Below this line is a listing that includes pictures. Copy exactly, and only, the lines from the one containing "俏碧婷衣物整理袋衣服收纳分装收纳行李收纳包旅行收纳袋套图7" through the one containing "PLAQUE PROTECTION 3"; the pictures do not go in the copy.

DATA PROVIDED:
···

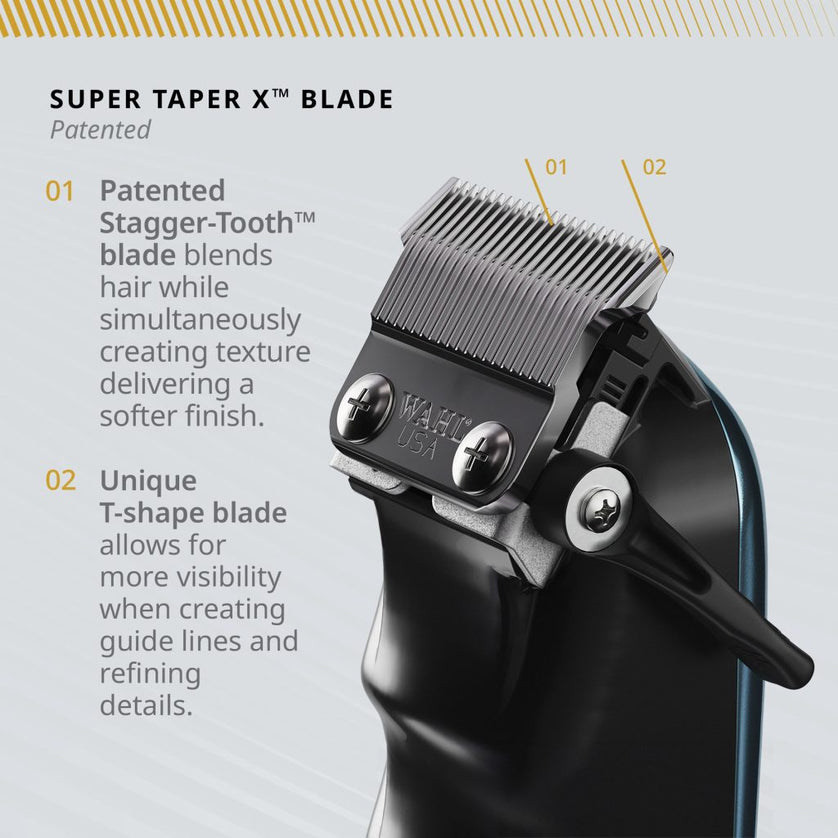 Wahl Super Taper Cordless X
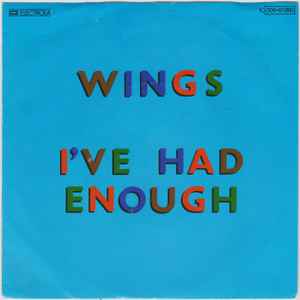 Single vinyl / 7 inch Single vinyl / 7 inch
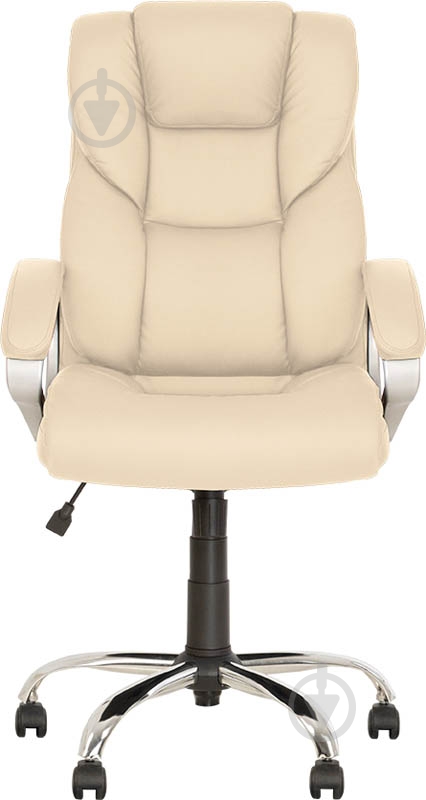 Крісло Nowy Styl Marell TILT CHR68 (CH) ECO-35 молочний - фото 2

···

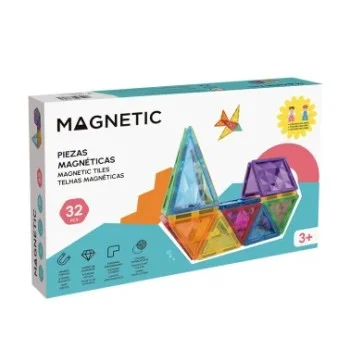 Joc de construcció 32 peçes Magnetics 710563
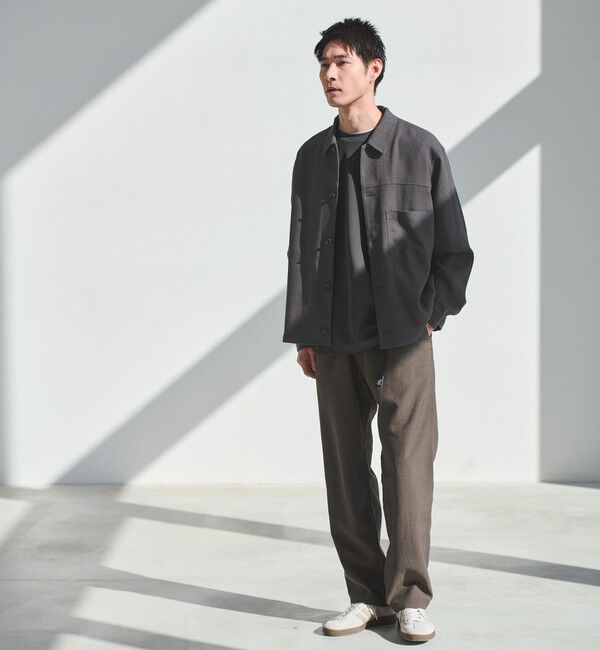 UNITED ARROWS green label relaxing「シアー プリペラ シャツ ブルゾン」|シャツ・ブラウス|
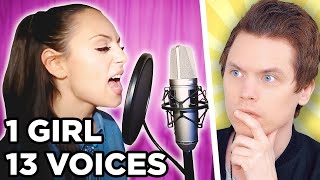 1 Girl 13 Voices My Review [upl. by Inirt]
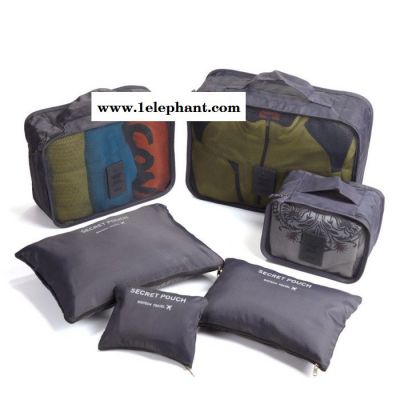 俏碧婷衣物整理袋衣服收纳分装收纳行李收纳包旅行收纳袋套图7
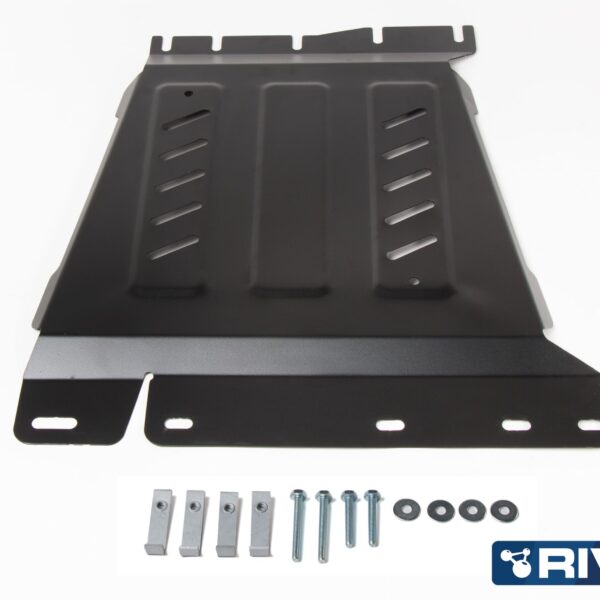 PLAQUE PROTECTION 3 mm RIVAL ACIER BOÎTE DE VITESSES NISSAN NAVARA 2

···

TASK SOLUTION:
 俏碧婷衣物整理袋衣服收纳分装收纳行李收纳包旅行收纳袋套图7
 PLAQUE PROTECTION 3 mm RIVAL ACIER BOÎTE DE VITESSES NISSAN NAVARA 2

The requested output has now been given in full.